Evanlyn had hoped that Erak might be wrong. She knew that each dose of the drug extended the time of the dependence further and she had hoped that she might just be able to cut off Will's supply straightaway and help him cope with the pain and torment. But there was no help for him as he was now and, reluctantly, she let him have a small amount of the dried leaf, shielding the pouch with her body as she took it from the pack, then again when she returned it.
Will seized the small handful of the gray, herblike substance with horrifying eagerness. For the first time, she saw a glint of expression in his normally dull gaze. But his attention was totally focused on the drug and she came to realize how completely it ruled his life and his mind these days. Silently, tears forming in her eyes, she watched the hollow shell who had once been such a vital, enthusiastic companion. She condemned Borsa and the other Skandians who had caused this to the hottest corner of whatever hell they believed in.

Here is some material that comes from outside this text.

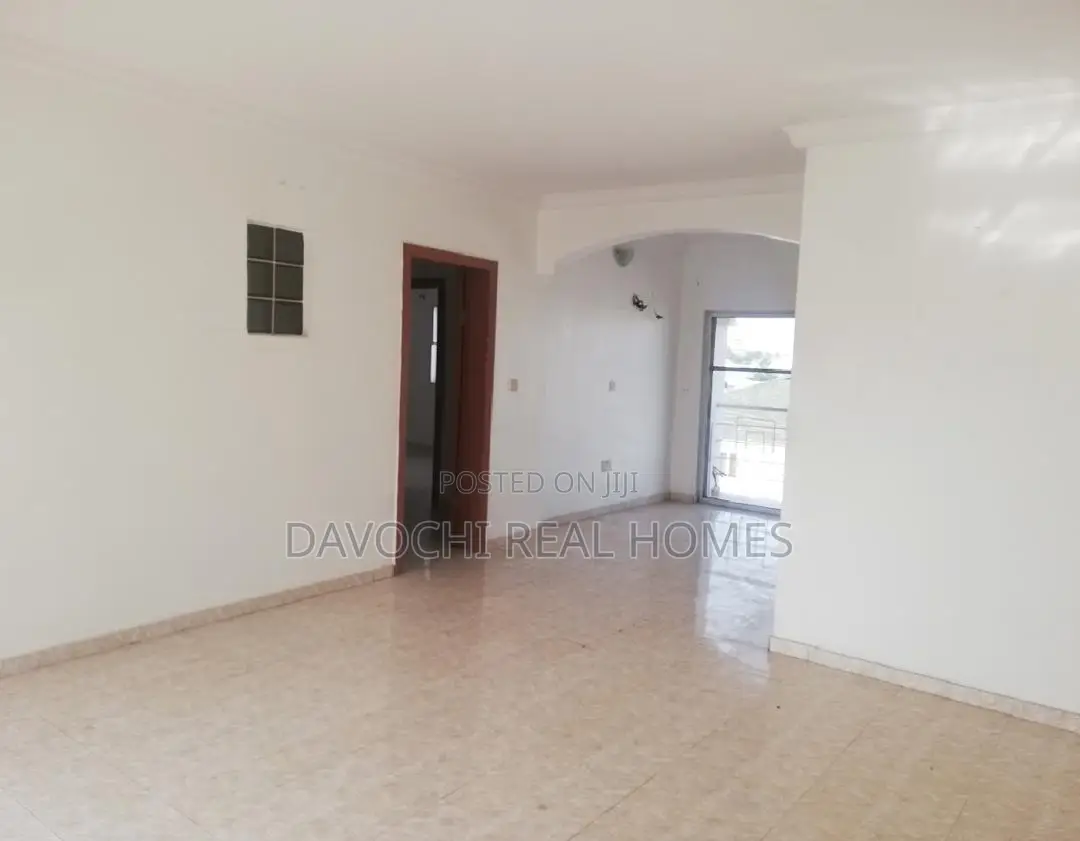 3bdrm Apartment in Ikota for rent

The apprentice Ranger crammed the small amount of leaf into his mouth, forcing it into one cheek and allowing the saliva to soak it and release the juice that would carry the narcotic through his system. Gradually, the shuddering spasms calmed down, until he knelt in the snow beside the path, hunched over, rocking gently backward and forward, eyes slitted, once again moaning softly to himself in whatever lonely, pain-filled world he inhabited.

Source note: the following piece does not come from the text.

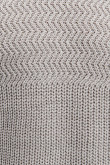Suéter unicolor tejido cuello redondo con detalles de texturas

The pony watched these events incuriously, from time to time pawing a hole in the snow and nibbling at the sparse strands of grass exposed there. Eventually, Evanlyn took Will's hand and pulled him, unresisting, to his feet.
"Come on, Will," she said in a dispirited voice. "We've still got a long way to go." As she said it, she realized she was talking about a lot more than just the distance to the hunting cabin in the mountains.
Crooning softly and tunelessly to himself, Will followed her as she led the way upward yet again.
The daylight was nearly gone by the time she found the cabin.
She had gone past it twice, following the instructions that Erak had made her commit to memory: a left fork in the trail a hundred paces after a lightning-blasted pine; a narrow gully that led downward for a hundred meters, then curved back up again, and a shallow ford across a small stream.
Mentally, she ticked off the landmarks, peering this way and that through the gloom of evening as it settled over the trees. But she could see no sign of the hut-only the featureless white of the snow.
Finally she realized that, of course, the hut would not be visible as a hut. It would be virtually buried in snow itself. Once she saw that simple fact, she became aware of a large mound not ten meters away from her. Dropping the pony's lead rein, she blundered forward, the snow catching at her legs, and made out the edge of a wall, then the slope of a roof, then the hard angle of a corner, more regular and even than any shape that nature might have concealed under the snow.
Moving around the large mound, she found the leeward side was more exposed and she could see the door and a small window, covered with a wooden shutter. She reflected that it was lucky the door had been built on the lee side of the cabin, then realized that this would have been intentional. Only a fool would place a door on the side where the prevailing north winds would pile the snow deeply.